HU1 Festival w/ Eats Everything & Joey Negro
- Samuel Peter Asquith
- May 29, 2016
- 2 min read

Bank holiday weekend´s never seem to get old, and there is a reason for that besides the obvious attraction of the extra day to get inebriated. There is always something new on the event calendar, and this year May bank holiday was a year to behold for Hull residents, with the small matter of Hull City getting promoted and Hull FC going top of the Rugby League.
The people of Hull were ecstatic, and where better to celebrate and prolong the jubilant mood than the brand new HU1 Festival, the brainchild of Hull´s prolific promoter and event stalwart Terry Spamer, the man behind the long-running Deja vu party series.

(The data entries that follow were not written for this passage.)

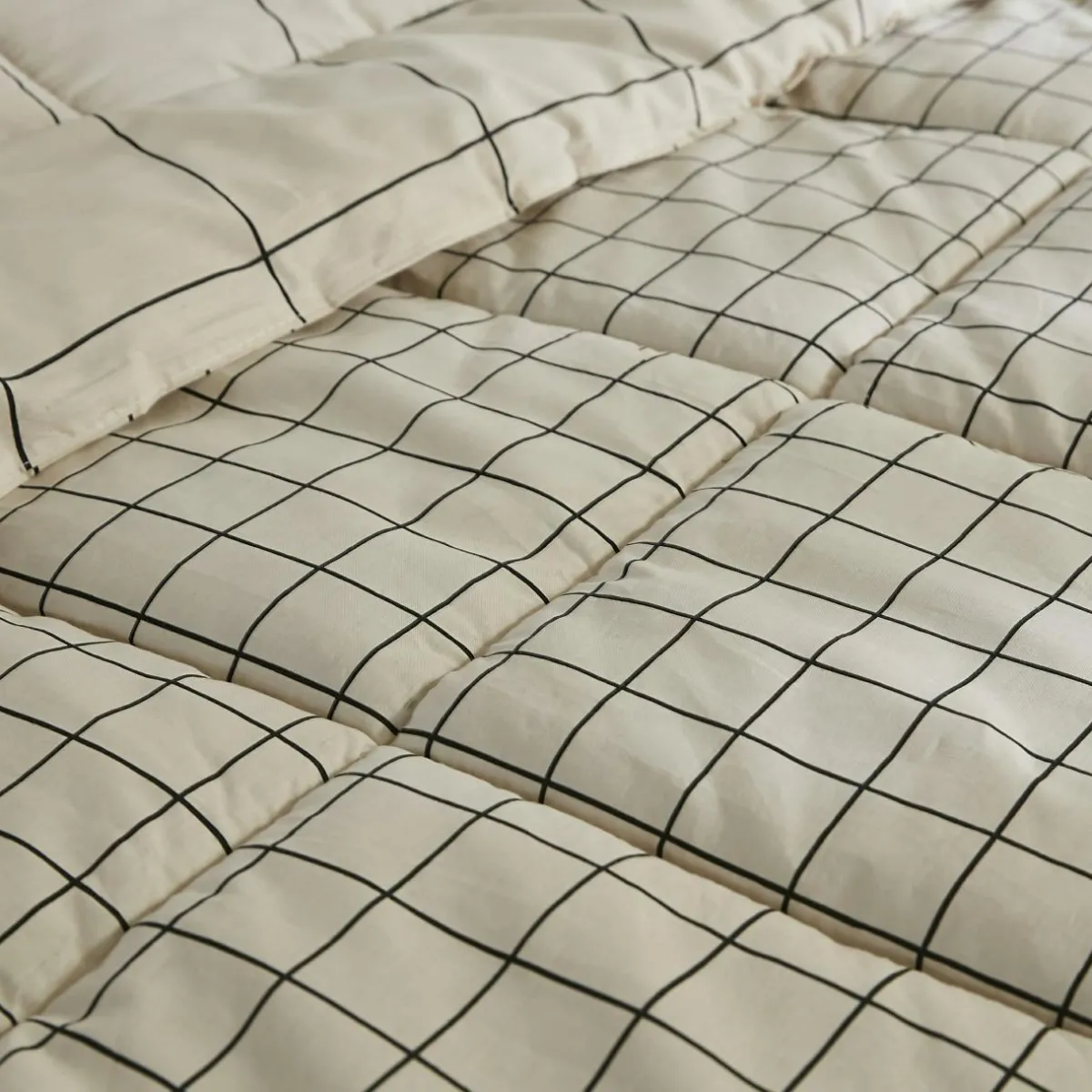 L'EFFET PAPILLON Couette imprimée et une taie d'oreiller (140 x 200 cm) Carrie Beige Clearance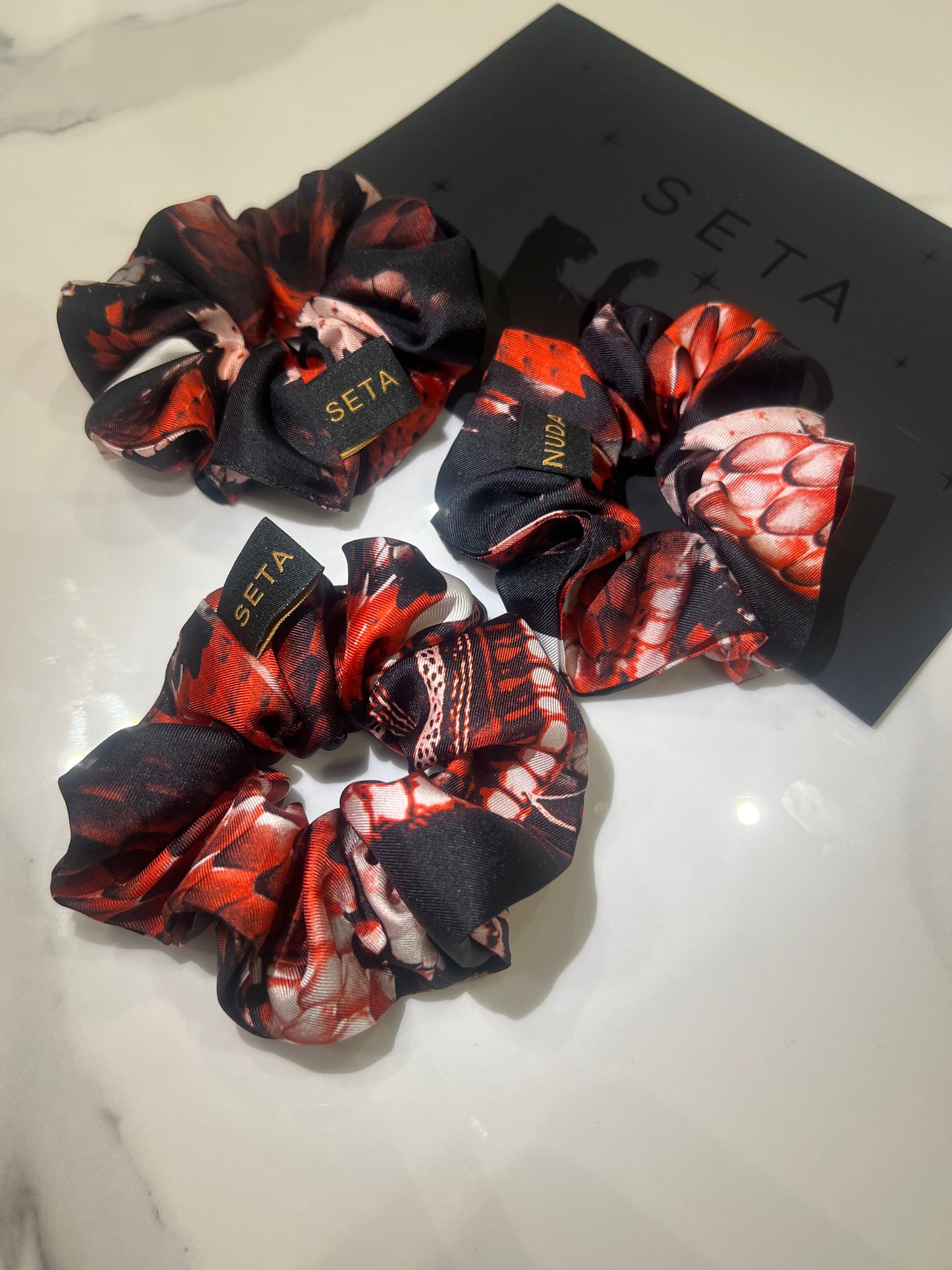 Elastico in seta effetto pelle di serpente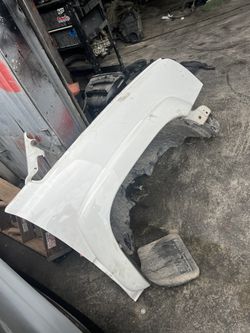 03-06 Silverado Fender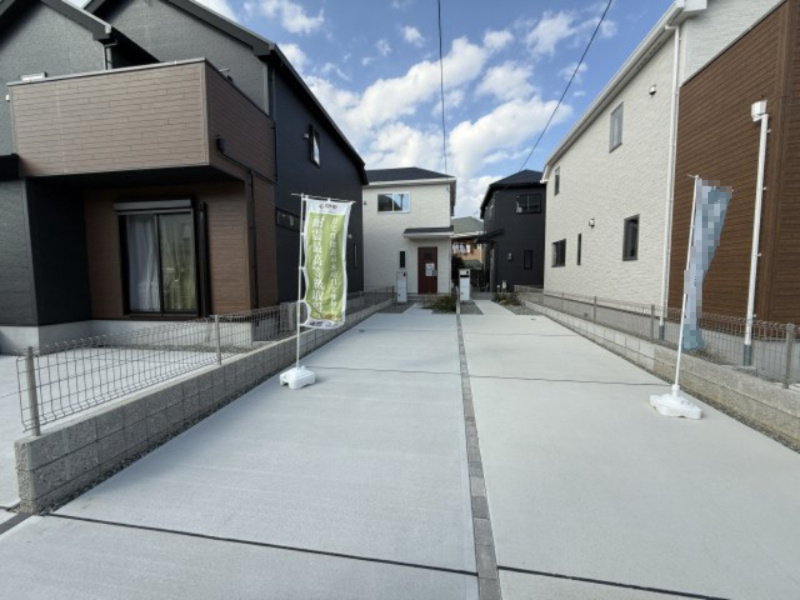 堺市東区大美野2号地　新築一戸建ての駐車場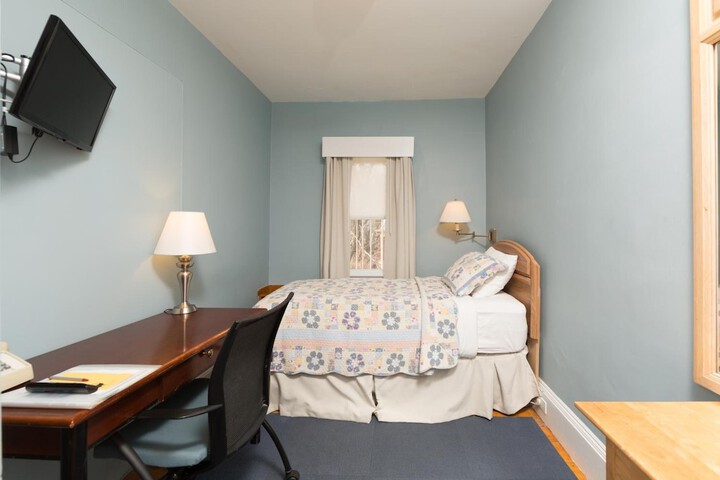 Room 26 of 38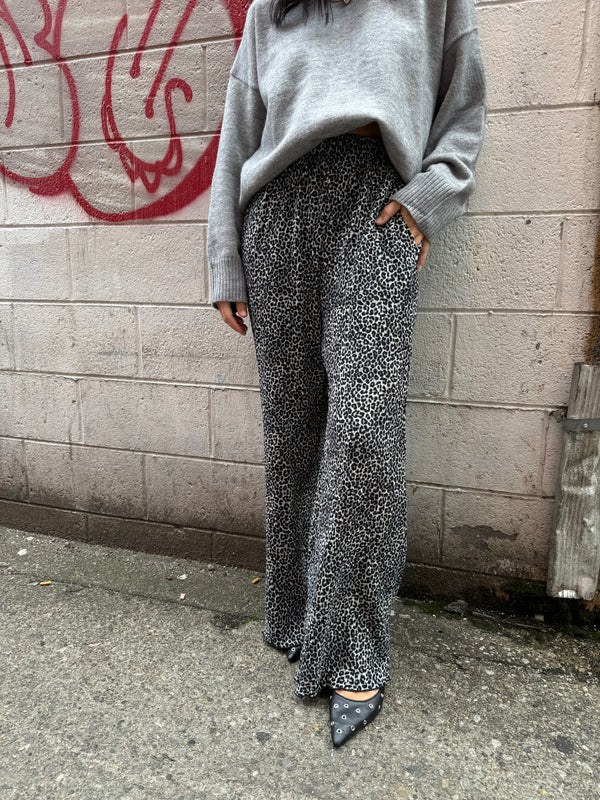 LEOPARD FLARE PANTS X GREY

Hosting a multitude of artists over the Saturday and Sunday, the venue was the unique Zebedee´s Yard off Princes Dock Street, providing the audience with a little sense of history in the nicely enclosed old schoolyard of Trinity House School.
Saturday played host to headline act, rapper Fuse ODG, whereas the Sunday line-up was dedicated to the organiser´s strengths, dealing the people of Hull a large dose of house music from the ever-iconic Bristol spinner, Eats Everything, with support from Joey Negro, Doorly, and many more including local rising star Lee Jeffrey.

As Eats made his way straight from Birmingham´s Elrow party, he joined the stage to witness a crowd of Hull´s finest bank holiday bravehearts risking the cold in a rapture of anticipation. Despite the excitement the crowd remained uncharacteristically flat courtesy of a poor opening from Eats. However, as darkness slowly descended and he ´ate´ into his two-hour slot the energy rose in conjunction with the attendance. The sound quality was certainly a bit different, with the four four beats ringing off all of the historic Old Town´s windows.
A highlight of the set was Oxia´s ´Domino´, which ignited the crowd with a much needed pulse of energy, which thankfully crept away from the string of ugly, high-pitched screeching build-ups which had taken place beforehand. Unfortunately, you got a strong feeling that Eats was at the end of quite a long day, with no real shake-up or unique selection; although to his credit, once he had the crowd, he kept them (so much so that a bear-like man began to swing his shirt around his head as if he was the Toon Army watching a rare Newcastle win) Eats then bagged yet another crowd-pleaser with the ever reliable ´Let´s go dancing´(Breach remix) which had everyone getting involved (including the lady serving chips at the back of the yard). Close up behind was Cajmere´s ´Time for the Percolator´, which served as another reason for the chip lady to get involved and girls to get on shoulders as the bass grew ever deeper with each safe selection.
Ultimately the event seemed a success and hats off to the organisers for getting such a unique space in the centre of Hull. The crowd were fulfilled and carried themselves off to Funktion for a 5am curfew with Mirko Di Florio seeing them home. Nonetheless Eats Everything´s set did little to enforce his dubious title of the UK´s number one DJ, and the monotony within his set was perhaps down to laziness. Still, Hull had a great weekend all round and so did that lovely chip lady.